## [Task statement]
Nothing may be dropped. Retype the whole listing exactly.

## [Data extract]
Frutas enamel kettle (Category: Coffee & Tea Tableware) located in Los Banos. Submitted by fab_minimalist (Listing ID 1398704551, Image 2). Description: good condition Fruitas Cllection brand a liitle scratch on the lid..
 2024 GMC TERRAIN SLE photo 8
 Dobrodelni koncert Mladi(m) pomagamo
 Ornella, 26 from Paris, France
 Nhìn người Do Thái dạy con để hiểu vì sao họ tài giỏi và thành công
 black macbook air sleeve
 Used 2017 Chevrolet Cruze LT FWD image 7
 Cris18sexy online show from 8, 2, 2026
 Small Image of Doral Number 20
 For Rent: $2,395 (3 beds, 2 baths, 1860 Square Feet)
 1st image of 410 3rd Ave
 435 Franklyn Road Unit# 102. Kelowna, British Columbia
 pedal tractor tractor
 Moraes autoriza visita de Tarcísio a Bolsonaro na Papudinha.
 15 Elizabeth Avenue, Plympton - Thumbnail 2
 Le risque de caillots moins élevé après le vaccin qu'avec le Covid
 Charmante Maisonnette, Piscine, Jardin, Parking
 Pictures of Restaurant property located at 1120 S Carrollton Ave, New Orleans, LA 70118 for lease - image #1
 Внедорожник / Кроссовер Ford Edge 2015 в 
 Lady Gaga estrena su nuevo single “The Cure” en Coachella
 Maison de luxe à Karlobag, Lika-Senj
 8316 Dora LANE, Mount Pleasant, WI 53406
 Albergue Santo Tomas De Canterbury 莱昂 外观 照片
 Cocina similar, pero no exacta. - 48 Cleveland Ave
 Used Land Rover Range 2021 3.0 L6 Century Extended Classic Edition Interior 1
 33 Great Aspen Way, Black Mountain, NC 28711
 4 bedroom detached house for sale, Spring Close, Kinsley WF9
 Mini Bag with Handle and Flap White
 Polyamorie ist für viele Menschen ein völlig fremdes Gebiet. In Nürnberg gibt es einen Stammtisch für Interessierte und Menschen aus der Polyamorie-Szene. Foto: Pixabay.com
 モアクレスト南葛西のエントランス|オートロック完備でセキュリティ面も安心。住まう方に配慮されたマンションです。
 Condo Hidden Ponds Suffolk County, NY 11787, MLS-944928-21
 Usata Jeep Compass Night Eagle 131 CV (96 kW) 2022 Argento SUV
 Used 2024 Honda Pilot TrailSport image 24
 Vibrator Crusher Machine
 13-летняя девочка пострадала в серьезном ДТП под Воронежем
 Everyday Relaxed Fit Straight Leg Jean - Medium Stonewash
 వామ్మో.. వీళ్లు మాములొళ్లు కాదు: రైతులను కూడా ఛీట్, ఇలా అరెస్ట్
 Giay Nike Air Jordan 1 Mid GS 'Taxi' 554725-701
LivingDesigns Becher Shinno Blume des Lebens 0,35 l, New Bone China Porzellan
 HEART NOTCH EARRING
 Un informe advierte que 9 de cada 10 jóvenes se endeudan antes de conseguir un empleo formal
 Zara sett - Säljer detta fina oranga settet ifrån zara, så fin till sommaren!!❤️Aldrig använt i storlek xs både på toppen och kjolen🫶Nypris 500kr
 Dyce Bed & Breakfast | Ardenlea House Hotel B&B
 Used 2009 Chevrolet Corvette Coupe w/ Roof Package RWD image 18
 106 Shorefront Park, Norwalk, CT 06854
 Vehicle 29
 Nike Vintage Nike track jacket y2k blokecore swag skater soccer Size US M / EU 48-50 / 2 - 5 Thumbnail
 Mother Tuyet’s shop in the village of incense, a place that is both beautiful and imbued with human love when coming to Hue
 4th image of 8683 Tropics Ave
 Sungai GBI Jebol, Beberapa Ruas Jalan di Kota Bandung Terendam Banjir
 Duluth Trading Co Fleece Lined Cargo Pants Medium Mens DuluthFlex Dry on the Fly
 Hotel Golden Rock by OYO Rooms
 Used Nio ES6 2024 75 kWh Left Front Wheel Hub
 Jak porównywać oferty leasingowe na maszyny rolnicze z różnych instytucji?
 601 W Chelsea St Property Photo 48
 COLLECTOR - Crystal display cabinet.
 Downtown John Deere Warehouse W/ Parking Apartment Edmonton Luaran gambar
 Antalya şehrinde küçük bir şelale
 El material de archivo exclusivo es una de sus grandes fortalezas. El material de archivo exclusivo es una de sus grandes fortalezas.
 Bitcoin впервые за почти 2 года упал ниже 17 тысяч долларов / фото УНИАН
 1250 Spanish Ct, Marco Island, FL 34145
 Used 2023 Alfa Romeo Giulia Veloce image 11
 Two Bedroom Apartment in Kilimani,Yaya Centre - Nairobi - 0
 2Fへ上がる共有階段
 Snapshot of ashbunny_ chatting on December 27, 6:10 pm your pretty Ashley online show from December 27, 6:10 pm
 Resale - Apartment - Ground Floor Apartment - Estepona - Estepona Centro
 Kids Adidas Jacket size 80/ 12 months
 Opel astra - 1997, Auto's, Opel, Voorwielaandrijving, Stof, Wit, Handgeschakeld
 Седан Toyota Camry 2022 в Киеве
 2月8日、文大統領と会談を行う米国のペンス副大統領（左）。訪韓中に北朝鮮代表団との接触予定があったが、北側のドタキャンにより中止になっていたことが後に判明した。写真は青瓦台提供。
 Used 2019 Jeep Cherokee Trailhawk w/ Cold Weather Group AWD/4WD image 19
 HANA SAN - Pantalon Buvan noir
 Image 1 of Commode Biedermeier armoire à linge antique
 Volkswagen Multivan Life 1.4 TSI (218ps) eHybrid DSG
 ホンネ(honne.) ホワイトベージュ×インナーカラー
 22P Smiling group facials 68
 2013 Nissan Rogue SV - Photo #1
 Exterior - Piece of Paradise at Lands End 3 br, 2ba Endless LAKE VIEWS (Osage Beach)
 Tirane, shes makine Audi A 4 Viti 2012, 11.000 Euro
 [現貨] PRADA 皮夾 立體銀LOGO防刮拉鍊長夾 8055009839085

## [Task output]
Frutas enamel kettle (Category: Coffee & Tea Tableware) located in Los Banos. Submitted by fab_minimalist (Listing ID 1398704551, Image 2). Description: good condition Fruitas Cllection brand a liitle scratch on the lid..
 2024 GMC TERRAIN SLE photo 8
 Dobrodelni koncert Mladi(m) pomagamo
 Ornella, 26 from Paris, France
 Nhìn người Do Thái dạy con để hiểu vì sao họ tài giỏi và thành công
 black macbook air sleeve
 Used 2017 Chevrolet Cruze LT FWD image 7
 Cris18sexy online show from 8, 2, 2026
 Small Image of Doral Number 20
 For Rent: $2,395 (3 beds, 2 baths, 1860 Square Feet)
 1st image of 410 3rd Ave
 435 Franklyn Road Unit# 102. Kelowna, British Columbia
 pedal tractor tractor
 Moraes autoriza visita de Tarcísio a Bolsonaro na Papudinha.
 15 Elizabeth Avenue, Plympton - Thumbnail 2
 Le risque de caillots moins élevé après le vaccin qu'avec le Covid
 Charmante Maisonnette, Piscine, Jardin, Parking
 Pictures of Restaurant property located at 1120 S Carrollton Ave, New Orleans, LA 70118 for lease - image #1
 Внедорожник / Кроссовер Ford Edge 2015 в 
 Lady Gaga estrena su nuevo single “The Cure” en Coachella
 Maison de luxe à Karlobag, Lika-Senj
 8316 Dora LANE, Mount Pleasant, WI 53406
 Albergue Santo Tomas De Canterbury 莱昂 外观 照片
 Cocina similar, pero no exacta. - 48 Cleveland Ave
 Used Land Rover Range 2021 3.0 L6 Century Extended Classic Edition Interior 1
 33 Great Aspen Way, Black Mountain, NC 28711
 4 bedroom detached house for sale, Spring Close, Kinsley WF9
 Mini Bag with Handle and Flap White
 Polyamorie ist für viele Menschen ein völlig fremdes Gebiet. In Nürnberg gibt es einen Stammtisch für Interessierte und Menschen aus der Polyamorie-Szene. Foto: Pixabay.com
 モアクレスト南葛西のエントランス|オートロック完備でセキュリティ面も安心。住まう方に配慮されたマンションです。
 Condo Hidden Ponds Suffolk County, NY 11787, MLS-944928-21
 Usata Jeep Compass Night Eagle 131 CV (96 kW) 2022 Argento SUV
 Used 2024 Honda Pilot TrailSport image 24
 Vibrator Crusher Machine
 13-летняя девочка пострадала в серьезном ДТП под Воронежем
 Everyday Relaxed Fit Straight Leg Jean - Medium Stonewash
 వామ్మో.. వీళ్లు మాములొళ్లు కాదు: రైతులను కూడా ఛీట్, ఇలా అరెస్ట్
 Giay Nike Air Jordan 1 Mid GS 'Taxi' 554725-701
LivingDesigns Becher Shinno Blume des Lebens 0,35 l, New Bone China Porzellan
 HEART NOTCH EARRING
 Un informe advierte que 9 de cada 10 jóvenes se endeudan antes de conseguir un empleo formal
 Zara sett - Säljer detta fina oranga settet ifrån zara, så fin till sommaren!!❤️Aldrig använt i storlek xs både på toppen och kjolen🫶Nypris 500kr
 Dyce Bed & Breakfast | Ardenlea House Hotel B&B
 Used 2009 Chevrolet Corvette Coupe w/ Roof Package RWD image 18
 106 Shorefront Park, Norwalk, CT 06854
 Vehicle 29
 Nike Vintage Nike track jacket y2k blokecore swag skater soccer Size US M / EU 48-50 / 2 - 5 Thumbnail
 Mother Tuyet’s shop in the village of incense, a place that is both beautiful and imbued with human love when coming to Hue
 4th image of 8683 Tropics Ave
 Sungai GBI Jebol, Beberapa Ruas Jalan di Kota Bandung Terendam Banjir
 Duluth Trading Co Fleece Lined Cargo Pants Medium Mens DuluthFlex Dry on the Fly
 Hotel Golden Rock by OYO Rooms
 Used Nio ES6 2024 75 kWh Left Front Wheel Hub
 Jak porównywać oferty leasingowe na maszyny rolnicze z różnych instytucji?
 601 W Chelsea St Property Photo 48
 COLLECTOR - Crystal display cabinet.
 Downtown John Deere Warehouse W/ Parking Apartment Edmonton Luaran gambar
 Antalya şehrinde küçük bir şelale
 El material de archivo exclusivo es una de sus grandes fortalezas. El material de archivo exclusivo es una de sus grandes fortalezas.
 Bitcoin впервые за почти 2 года упал ниже 17 тысяч долларов / фото УНИАН
 1250 Spanish Ct, Marco Island, FL 34145
 Used 2023 Alfa Romeo Giulia Veloce image 11
 Two Bedroom Apartment in Kilimani,Yaya Centre - Nairobi - 0
 2Fへ上がる共有階段
 Snapshot of ashbunny_ chatting on December 27, 6:10 pm your pretty Ashley online show from December 27, 6:10 pm
 Resale - Apartment - Ground Floor Apartment - Estepona - Estepona Centro
 Kids Adidas Jacket size 80/ 12 months
 Opel astra - 1997, Auto's, Opel, Voorwielaandrijving, Stof, Wit, Handgeschakeld
 Седан Toyota Camry 2022 в Киеве
 2月8日、文大統領と会談を行う米国のペンス副大統領（左）。訪韓中に北朝鮮代表団との接触予定があったが、北側のドタキャンにより中止になっていたことが後に判明した。写真は青瓦台提供。
 Used 2019 Jeep Cherokee Trailhawk w/ Cold Weather Group AWD/4WD image 19
 HANA SAN - Pantalon Buvan noir
 Image 1 of Commode Biedermeier armoire à linge antique
 Volkswagen Multivan Life 1.4 TSI (218ps) eHybrid DSG
 ホンネ(honne.) ホワイトベージュ×インナーカラー
 22P Smiling group facials 68
 2013 Nissan Rogue SV - Photo #1
 Exterior - Piece of Paradise at Lands End 3 br, 2ba Endless LAKE VIEWS (Osage Beach)
 Tirane, shes makine Audi A 4 Viti 2012, 11.000 Euro
 [現貨] PRADA 皮夾 立體銀LOGO防刮拉鍊長夾 8055009839085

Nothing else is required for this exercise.